Heap Fetches The number of data blocks that are scanned.

The Index Only Scan node can retrieve data from the index. However, to implement the Multi-version Concurrency Control (MVCC) mechanism, PostgreSQL must check the visibility of the scanned tuples by checking the Visibility Map (VM) file. If the vacuum or autovacuum operation is not performed after a table is created, no VM file exists, and the index does not store the version information. In this case, the Index Only Scan node must scan blocks to retrieve the version information. This may lead to a query speed lower than the query speed of Index Scan.

Bitmap Index Scan and Bitmap Heap Scan

The Bitmap Index Scan node is similar to the Index Scan node. They scan tables based on indexes. The difference is that Bitmap Index Scan returns a bitmap instead of a tuple. In the bitmap, each bit represents a block that is scanned. In most cases, the Bitmap Heap Scan node functions as the parent node of the Bitmap Index Scan node. The Bitmap Heap Scan node converts the bitmap that is returned by the Bitmap Index Scan node into a tuple. Compared with the Index Scan node that randomly reads data blocks, the Bitmap Heap Scan node reads data blocks based on their physical order. This improves the scan performance if a large number of data blocks are read.

You can execute the set enable_indexscan = off statement to disable Index Scan. For example, if the Index Scan feature is disabled in the preceding example of the Index Scan node, the EXPLAIN statement returns the following result:

postgres=> explain(ANALYZE,VERBOSE,BUFFERS) select * from class where st_no=2;
QUERY PLAN
--------------------------------------------------------------------------------------------------
Bitmap Heap Scan on public.class (cost=4.29..8.30 rows=1 width=35) (actual time=0.025..0.025 rows=1 loops=1) Output: st_no, name
Recheck Cond: (class.st_no = 2)
Heap Blocks: exact=1
Buffers: shared hit=3
-> Bitmap Index Scan on no_index (cost=0.00..4.29 rows=1 width=0) (actual time=0.019..0.019 rows=1 loops=1) Index Cond: (class.st_no = 2)
Buffers: shared hit=2
Planning time: 0.088 ms
Execution time: 0.063 ms
(10 rows)

The following table describes the parameters in the preceding output.

Parameter Description
Bitmap Index Scan on no_index Indicates that Bitmap Index Scan is performed on the public.class table based on the no_index index that is created on this table.
Index Cond: (class.st_no = 2) Indicates that the filter condition of Bitmap Index Scan is class.st_no = 2.
Bitmap Heap Scan on public.class Indicates that Bitmap Heap Scan is performed on the public.class table.
Recheck Cond: (class.st_no = 2) Indicates that the Recheck condition of the Bitmap Heap Scan is class.st_no = 2. The Bitmap Heap Scan node receives a bitmap from the Bitmap Index Scan node.

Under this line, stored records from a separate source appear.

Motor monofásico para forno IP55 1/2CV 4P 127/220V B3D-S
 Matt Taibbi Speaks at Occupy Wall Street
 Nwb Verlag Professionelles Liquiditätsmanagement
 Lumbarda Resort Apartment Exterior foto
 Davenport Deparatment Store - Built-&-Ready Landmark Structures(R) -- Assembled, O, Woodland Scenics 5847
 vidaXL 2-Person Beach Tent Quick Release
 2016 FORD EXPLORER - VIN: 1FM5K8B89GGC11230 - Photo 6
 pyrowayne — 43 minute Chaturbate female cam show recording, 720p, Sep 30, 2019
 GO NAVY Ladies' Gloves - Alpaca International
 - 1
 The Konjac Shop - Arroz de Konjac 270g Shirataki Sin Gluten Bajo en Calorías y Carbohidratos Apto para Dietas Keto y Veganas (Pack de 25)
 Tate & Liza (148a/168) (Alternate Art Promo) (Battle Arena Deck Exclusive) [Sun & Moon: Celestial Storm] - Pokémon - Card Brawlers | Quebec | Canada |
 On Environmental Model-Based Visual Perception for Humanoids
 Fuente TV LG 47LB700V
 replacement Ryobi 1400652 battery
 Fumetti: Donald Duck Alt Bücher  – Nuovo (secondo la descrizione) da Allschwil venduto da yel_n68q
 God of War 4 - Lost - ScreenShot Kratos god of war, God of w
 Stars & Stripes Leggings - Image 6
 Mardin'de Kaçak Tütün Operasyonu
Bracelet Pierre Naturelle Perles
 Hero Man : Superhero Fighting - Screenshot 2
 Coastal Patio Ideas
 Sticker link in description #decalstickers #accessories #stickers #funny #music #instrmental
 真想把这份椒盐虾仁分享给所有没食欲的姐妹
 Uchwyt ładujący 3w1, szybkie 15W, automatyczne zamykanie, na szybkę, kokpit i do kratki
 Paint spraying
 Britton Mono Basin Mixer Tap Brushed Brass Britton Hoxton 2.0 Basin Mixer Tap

In this bitmap, each bit represents a data block that is scanned. The bitmap can be used to locate some data blocks that meet the filter condition. In the preceding example, the output information Buffers: shared hit=3 indicates that the number of scanned blocks is 3. The Bitmap Heap Scan node needs to recheck the tuples in each scanned data block.
Heap Blocks: exact=1 Indicates that the exact number of scanned data blocks is 1.
  • In most cases, Index Scan is faster than Seq Scan. However, if the result set takes a large proportion of all the data, Index Scan is slower than Seq Scan. This is because the Index Scan node must scan the index before it reads data from the table, which takes more time than a full table scan.
  • If the result set takes a small proportion of all the data but a large number of tuples exist, Bitmap Index Scan is faster than Index Scan.
  • If the result set can be covered by the index, Index Only Scan provides optimal performance. This is because the Index Only Scan node scans only the index and does not read data form the table. However, if the VM file is not generated, Index Only Scan is slower than Index Scan.

The preceding conclusions are based on theoretical analysis. In the output of each EXPLAIN statement, the estimated cost information such as the cost, rows, and width shows the estimated cost of the scan nodes and other nodes. You can compare the estimated costs to select the query plan tree that has the minimum cost.